:: Collected material ::
***
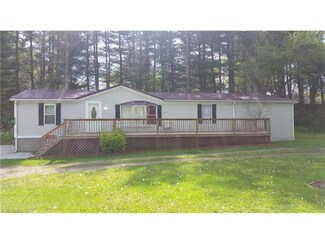 4066 Bonnie Dr NW, Malvern, OH 44644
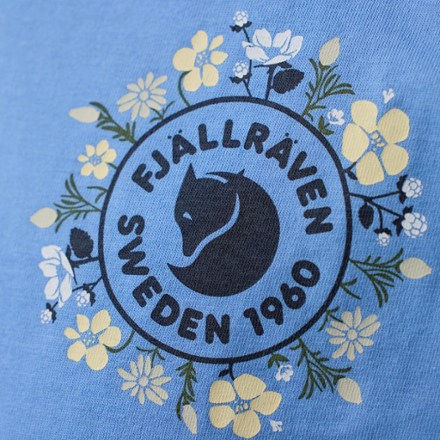 Fjallblomster Logo T-Shirt - Women's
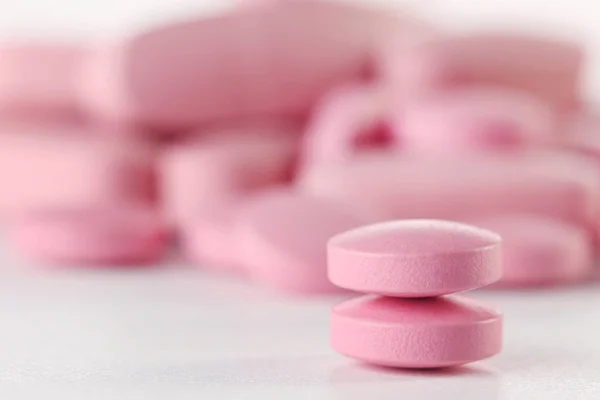 Altura de comprimidos cor-de-rosa — Fotografia de Stock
***
:: Assignment ::
Pictures do not belong in the copy. Repeat exactly each line from the one with "Fjallblomster Logo T-Shirt - Women's" through the end of the listing.

:: Written reply ::
 Fjallblomster Logo T-Shirt - Women's
 Altura de comprimidos cor-de-rosa — Fotografia de Stock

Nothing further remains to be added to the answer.